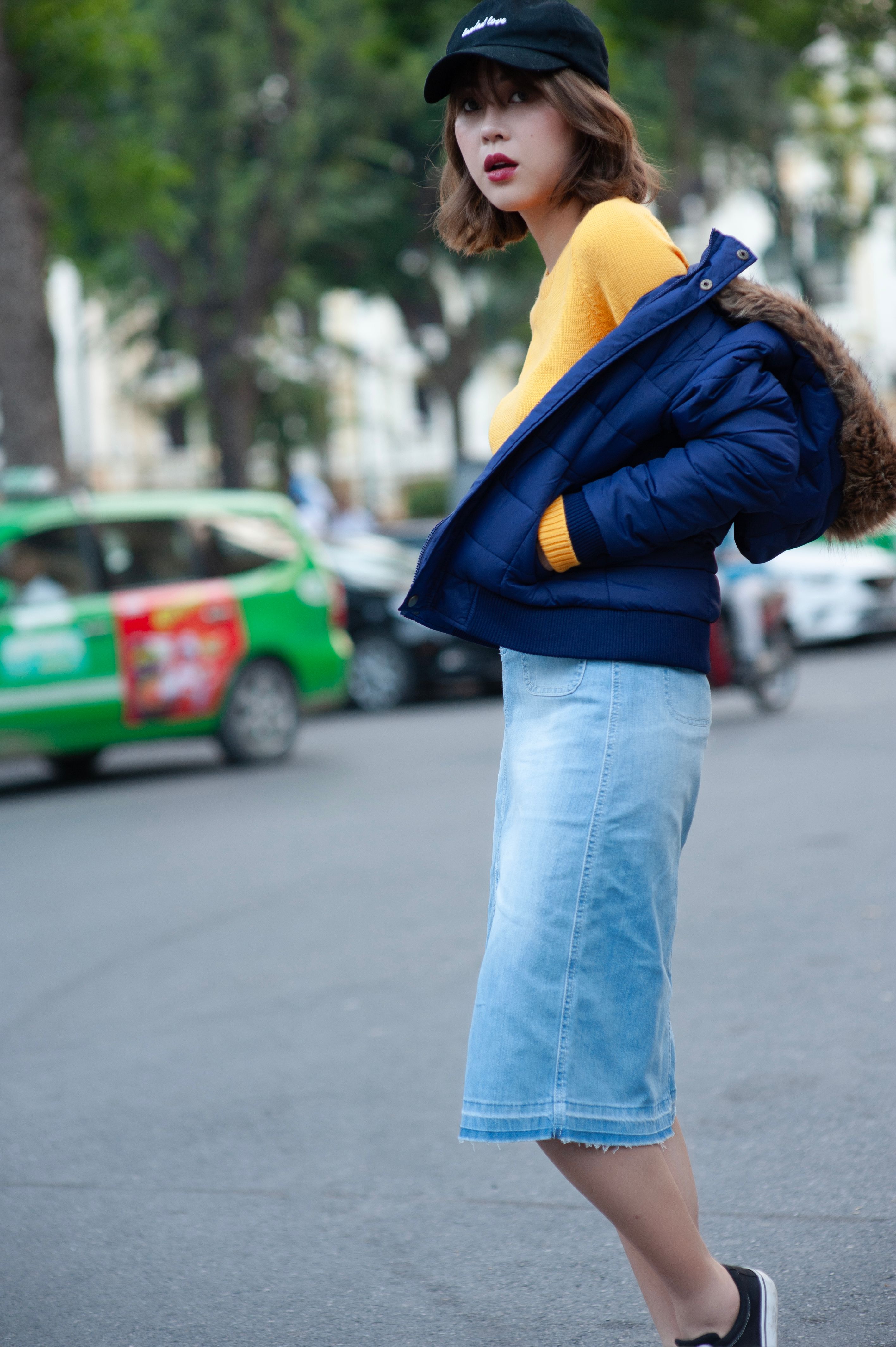 Saia Jeans Curta
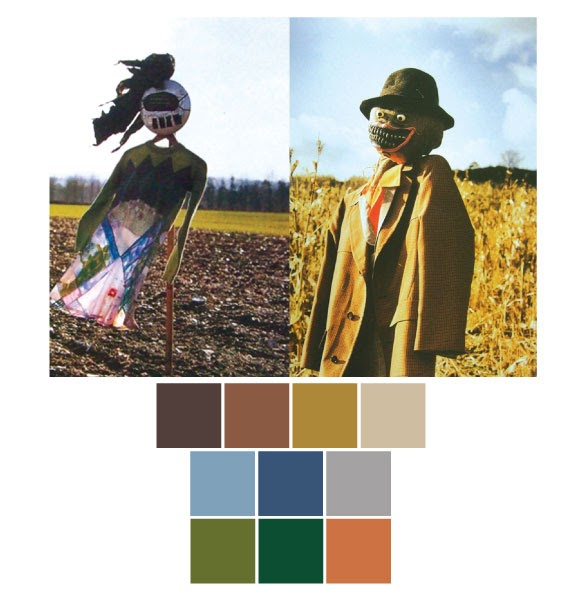 초원을 만드려면 꿀과 클로버가 필요하다: men's wear_허수아비_color palette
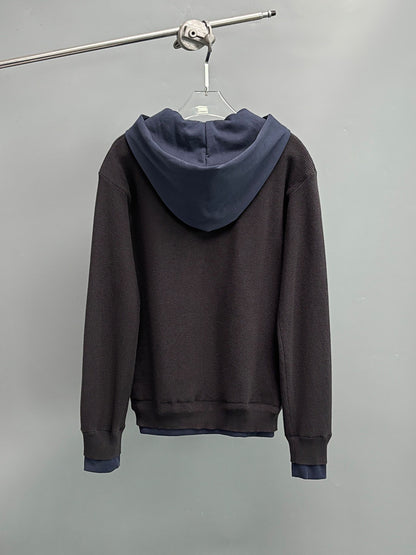 BALENCIAGA Men's Hybrid Zip-Up Cardigan "Black"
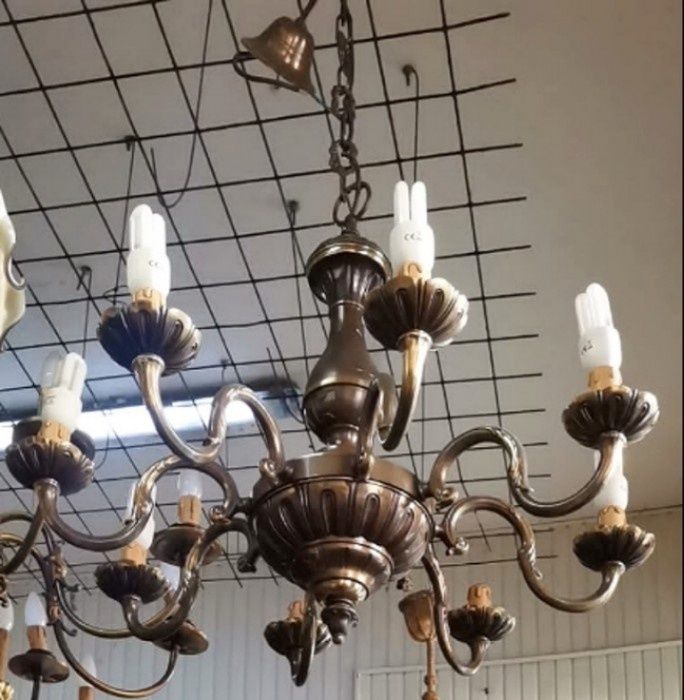 Boem candelabru din bronz cu 8 brate ideal accesoriu pentru camera, st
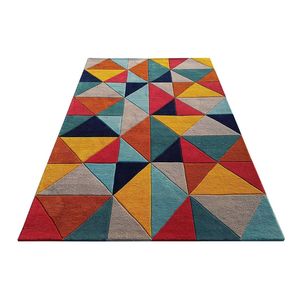 Gran oferta, Alfombra de seda de diseñador con mechones a mano única, hecho a máquina abstracto Jacquard ecológico, felpa para uso de oración en el baño de la casa - Product Image 3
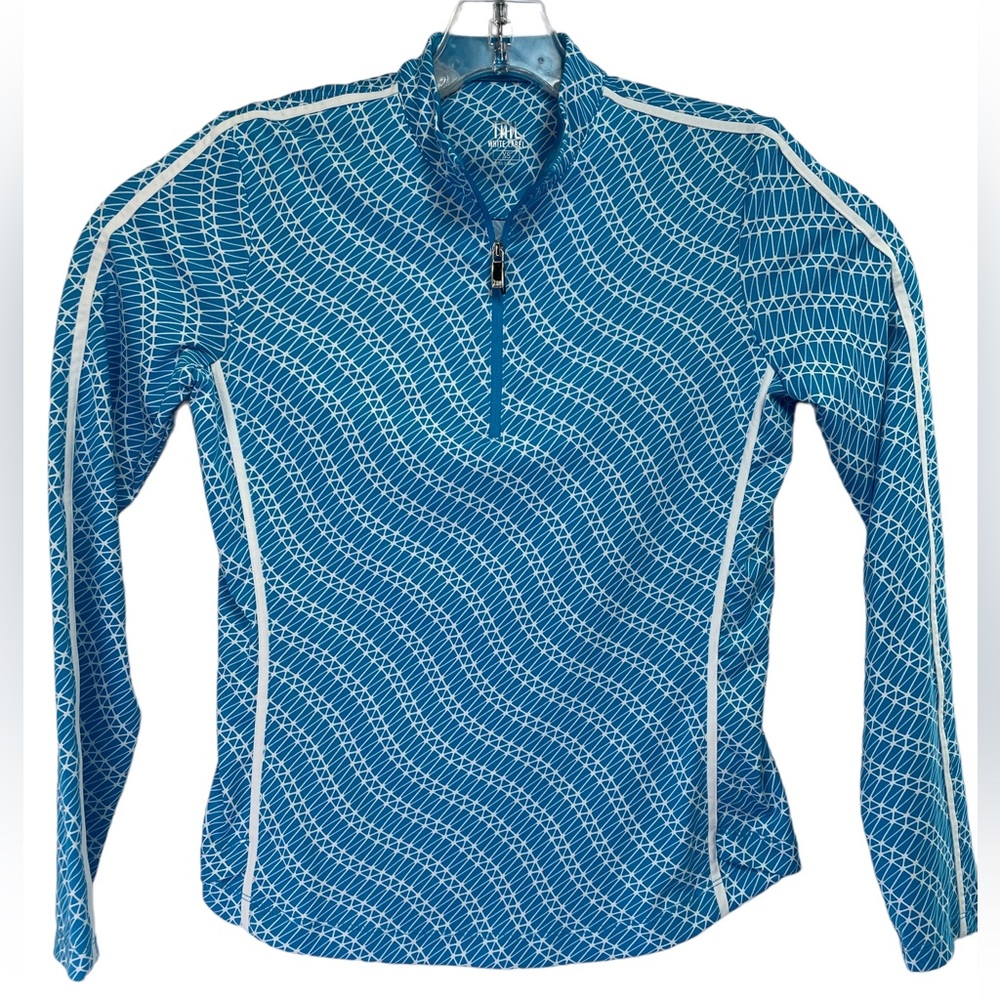 Tail White Label Womens Sz XS Blue/White 1/4zip‎ Shirt (R25) NW/OTs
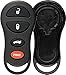 KeylessOption Just the Case Keyless Entry Remote Control Car Key Fob Shell Replacement for GQ43VT17T, 04602260
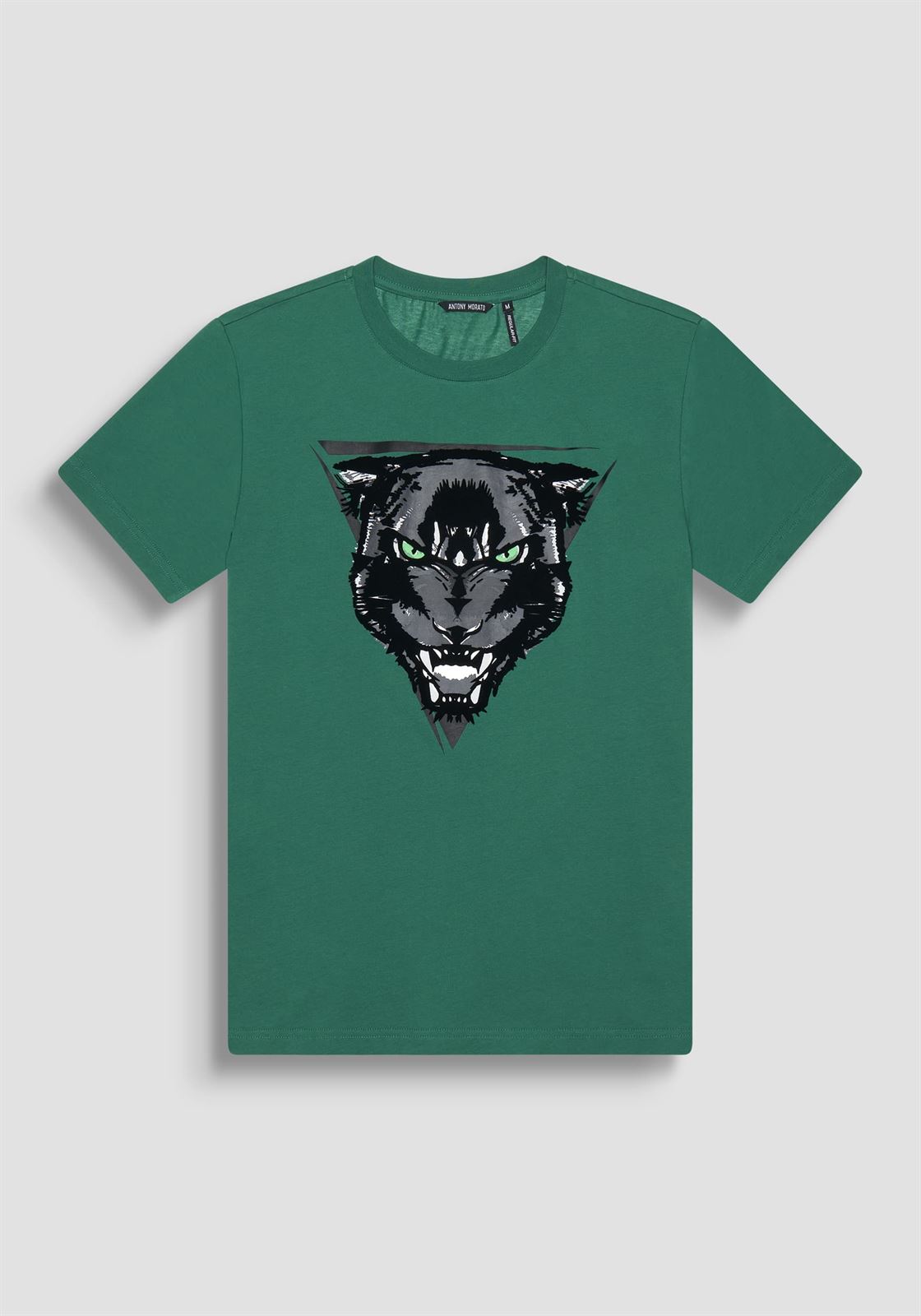 Camiseta Antony Morato MMKS02429 FA100144 4081 verde - Imagen 1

***

| WORK ITEM |
Please make an exact copy of the records, leaving out any picture.

| TASK RESULT |
 Saia Jeans Curta
 초원을 만드려면 꿀과 클로버가 필요하다: men's wear_허수아비_color palette
 BALENCIAGA Men's Hybrid Zip-Up Cardigan "Black"
 Boem candelabru din bronz cu 8 brate ideal accesoriu pentru camera, st
 Gran oferta, Alfombra de seda de diseñador con mechones a mano única, hecho a máquina abstracto Jacquard ecológico, felpa para uso de oración en el baño de la casa - Product Image 3
 Tail White Label Womens Sz XS Blue/White 1/4zip‎ Shirt (R25) NW/OTs
 KeylessOption Just the Case Keyless Entry Remote Control Car Key Fob Shell Replacement for GQ43VT17T, 04602260
 Camiseta Antony Morato MMKS02429 FA100144 4081 verde - Imagen 1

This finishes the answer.